**Exercise prompt:**
Return verbatim the line containing "2021 Mitsubishi Outlander LS" together with all lines that follow it, through the end of the records.

**Materials provided:**
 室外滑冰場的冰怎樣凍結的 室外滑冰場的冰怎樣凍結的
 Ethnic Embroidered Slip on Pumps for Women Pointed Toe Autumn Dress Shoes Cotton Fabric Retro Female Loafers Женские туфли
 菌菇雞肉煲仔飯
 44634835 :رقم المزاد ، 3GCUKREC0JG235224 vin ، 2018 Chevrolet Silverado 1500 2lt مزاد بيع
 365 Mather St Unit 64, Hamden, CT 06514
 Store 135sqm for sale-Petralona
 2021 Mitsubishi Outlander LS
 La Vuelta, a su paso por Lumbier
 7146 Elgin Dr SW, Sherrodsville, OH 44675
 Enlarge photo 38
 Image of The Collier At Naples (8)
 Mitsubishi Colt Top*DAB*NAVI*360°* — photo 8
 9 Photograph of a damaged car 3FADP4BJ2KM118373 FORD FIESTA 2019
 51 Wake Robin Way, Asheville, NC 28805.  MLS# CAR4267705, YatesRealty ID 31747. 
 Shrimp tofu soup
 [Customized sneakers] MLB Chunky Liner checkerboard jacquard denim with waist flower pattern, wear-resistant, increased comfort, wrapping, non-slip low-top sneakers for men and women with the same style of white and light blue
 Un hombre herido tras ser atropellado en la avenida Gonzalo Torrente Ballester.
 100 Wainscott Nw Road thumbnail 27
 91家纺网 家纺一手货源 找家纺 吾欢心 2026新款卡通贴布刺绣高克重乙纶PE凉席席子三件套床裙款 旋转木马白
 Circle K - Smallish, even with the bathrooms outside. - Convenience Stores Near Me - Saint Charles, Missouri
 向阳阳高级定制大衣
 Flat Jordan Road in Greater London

**Answer box:**
 2021 Mitsubishi Outlander LS
 La Vuelta, a su paso por Lumbier
 7146 Elgin Dr SW, Sherrodsville, OH 44675
 Enlarge photo 38
 Image of The Collier At Naples (8)
 Mitsubishi Colt Top*DAB*NAVI*360°* — photo 8
 9 Photograph of a damaged car 3FADP4BJ2KM118373 FORD FIESTA 2019
 51 Wake Robin Way, Asheville, NC 28805.  MLS# CAR4267705, YatesRealty ID 31747. 
 Shrimp tofu soup
 [Customized sneakers] MLB Chunky Liner checkerboard jacquard denim with waist flower pattern, wear-resistant, increased comfort, wrapping, non-slip low-top sneakers for men and women with the same style of white and light blue
 Un hombre herido tras ser atropellado en la avenida Gonzalo Torrente Ballester.
 100 Wainscott Nw Road thumbnail 27
 91家纺网 家纺一手货源 找家纺 吾欢心 2026新款卡通贴布刺绣高克重乙纶PE凉席席子三件套床裙款 旋转木马白
 Circle K - Smallish, even with the bathrooms outside. - Convenience Stores Near Me - Saint Charles, Missouri
 向阳阳高级定制大衣
 Flat Jordan Road in Greater London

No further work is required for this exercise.